O Comando-Geral da Polícia da República de Moçambique (PRM) afirma que a Ordem dos Advogados (OAM) está equivocada quando afirma que a proibição de viaturas com vidros escuros é ilegal. Esta é a reacção da PRM ao comunicado da OAM emitido na segunda-feira, referindo que a proibição de circulação de viaturas com vidros escuros é só uma prática ilegal recorrente assumida pelos agentes da Polícia e secundada pelo Instituto Nacional dos Transportes Terrestres (INATER).

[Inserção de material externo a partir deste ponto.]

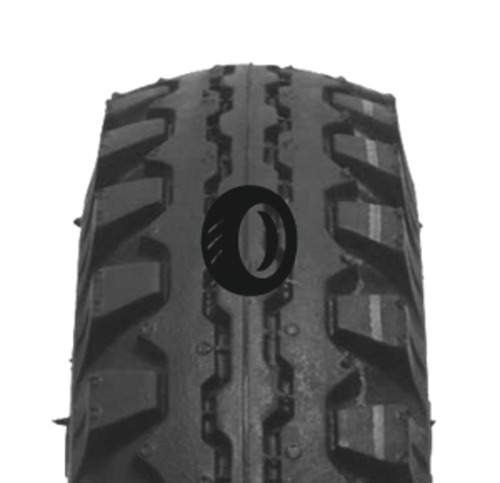Foto pneumatico: MAXXIS, M9230 3/ R4  Quattro-stagioni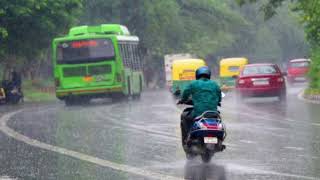 ఏపీలో ఈరోజు నుండి ఈ జిల్లాల్లో భారీవర్షాలు|TODAY WEATHER REPORT AP|TODAY WEATHER FORECAST IN AP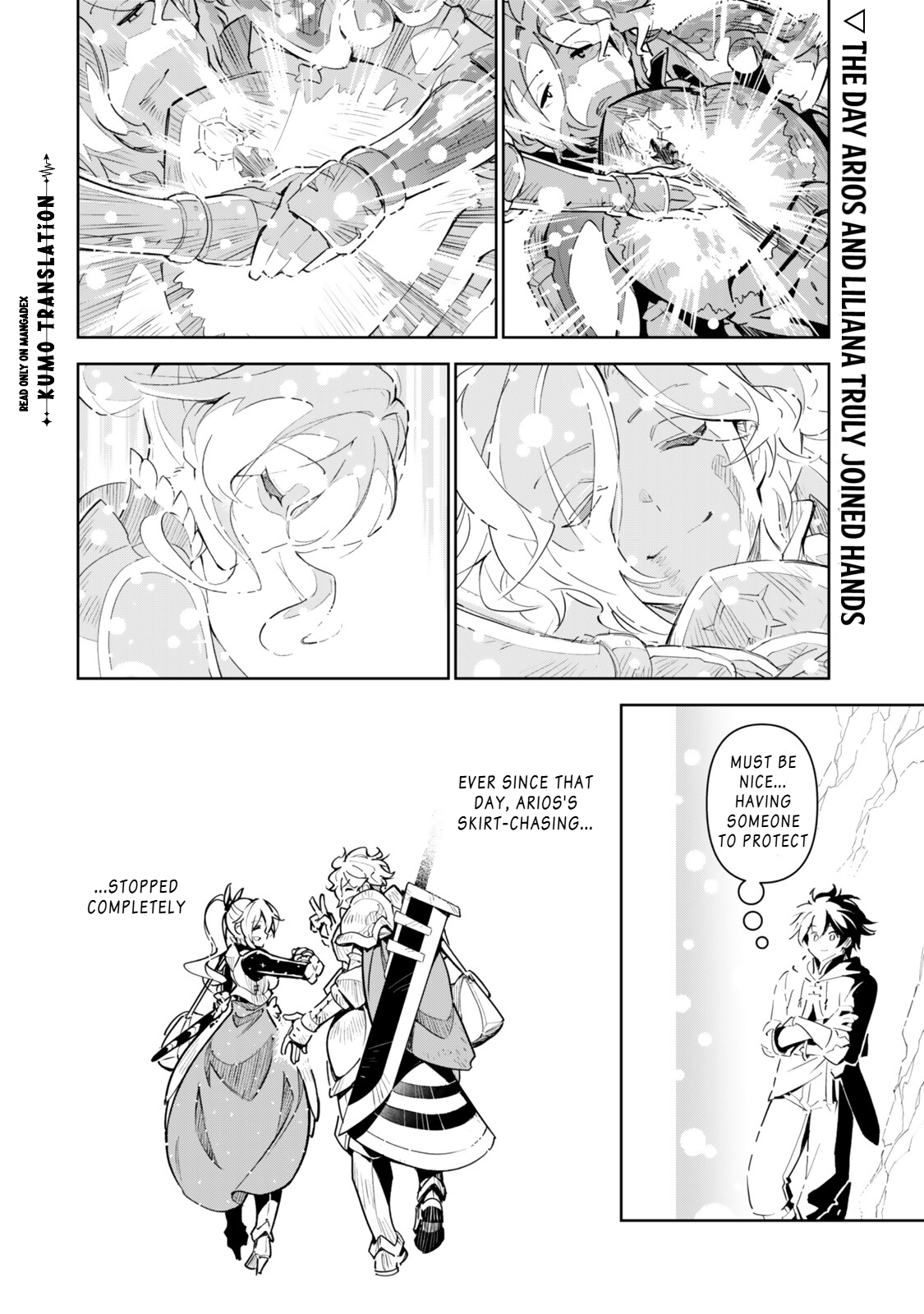 ページ 18
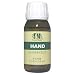 FrancesMurphy �}�b�T�[�W�I�C��(�n���h�p) 50ml
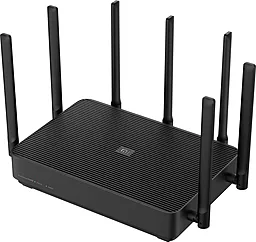 Маршрутизатор Xiaomi Mi AIoT Router AC2350 (DVB4248GL)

O porta-voz do Comando-Geral da PRM, Inácio Dina, citado pela Agência de Informação de Moçambique (AIM), diz não haver qualquer dúvida sobre a legalidade desta actividade. Dina disse que a actividade decorre da própria lei policial, a Lei 16/2013 de 12 de Agosto, mencionando, de seguida, o artigo 7, e 89 do Código da Estrada, que se refere às medidas da Polícia em relação à revista de viaturas. Segundo a Agência de Informação de Moçambique (AIM), o porta-voz questionou o facto de a OAM não ter mencionado estes artigos, que diz estarem claros em relação ao dever da Polícia. "Pensamos que há um equívoco por parte da Ordem dos Advogados de Moçambique. Os limites de competência da actuação da Polícia decorrem da própria lei. Tomamos conhecimento com algum pesar este comunicado. Há clareza. Não temos dúvida sobre esta actividade. A OAM não mencionou um artigo que a Polícia considera claro: o artigo 89 do Código de Estrada, que impõem à Polícia a retirada imediata destas películas no local e a imposição de uma multa de 2.750 meticais", disse. A PRM entende que a colocação de películas escurecedoras nos vidros impede a visibilidade ao interior das viaturas quando estiver em actividades fiscalizadoras em caso de qualquer suspeita. "O que queremos assegurar é que deixem a Polícia trabalhar. A Polícia está a trabalhar para garantir o conforto dos cidadãos. A garantia da ordem e tranquilidade públicas, meus senhores, não são feitas sentado num ar condicionado, de gravata e cheio de papéis e estar a juntar palavras bonitas, é feita no terreno, e a Polícia sempre esteve em estrita obediência à lei, sempre esteve a garantir a segurança suprema dos cidadãos, sempre esteve a garantir o interesse geral", revelou o porta-voz do Comando-Geral da PRM.